**Data**.
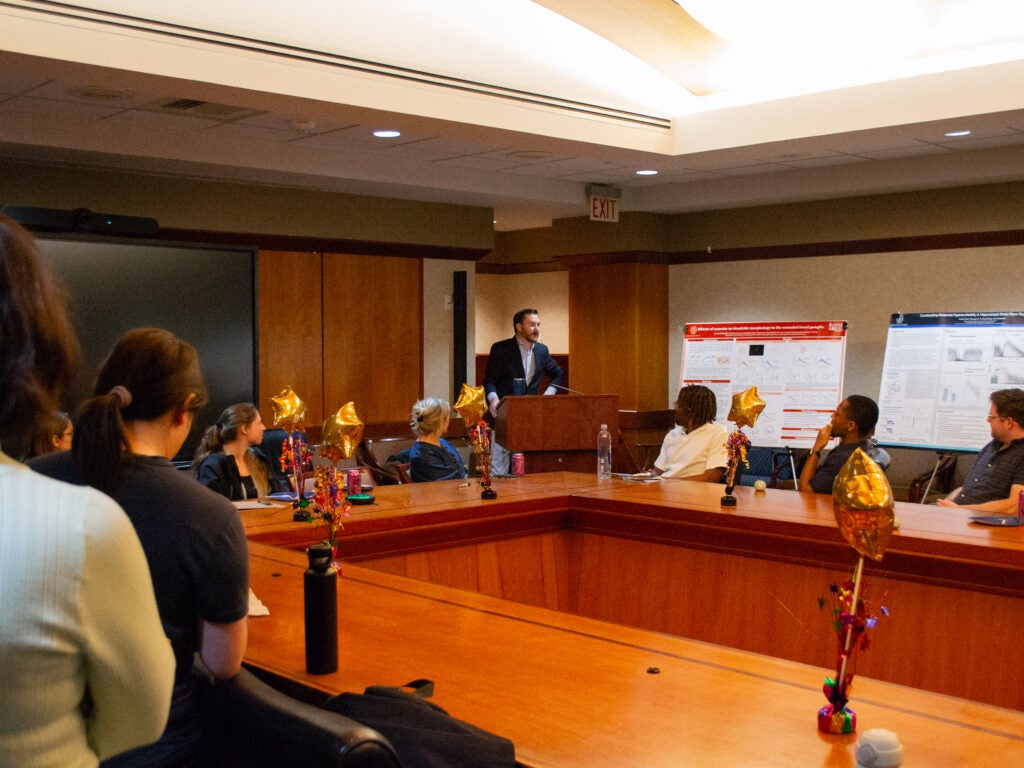 A student addresses attendees at the Department of Neuroscience poster session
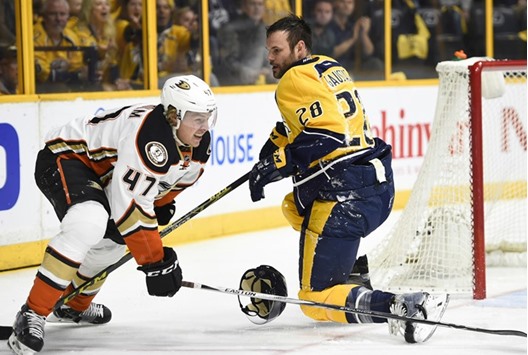 Anaheim Ducks' Hampus Lindholm (left) and Nashville Predators' Paul Gaustad (right) battle near the net during the NHL game in Nashville. (USA TODAY Sports)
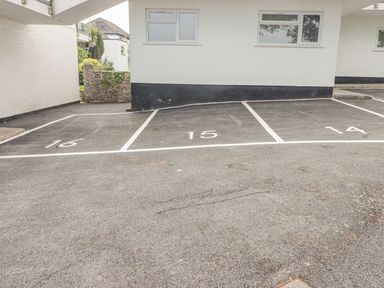 Three numbered parking spaces 16 15 and 14 in front of a white building with two windows at 16 Coedrath Park in Saundersfoot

**What you have to do**.
Copy the whole of the material above exactly, and exclude every picture.

**Expected answer**.
 A student addresses attendees at the Department of Neuroscience poster session
 Anaheim Ducks' Hampus Lindholm (left) and Nashville Predators' Paul Gaustad (right) battle near the net during the NHL game in Nashville. (USA TODAY Sports)
 Three numbered parking spaces 16 15 and 14 in front of a white building with two windows at 16 Coedrath Park in Saundersfoot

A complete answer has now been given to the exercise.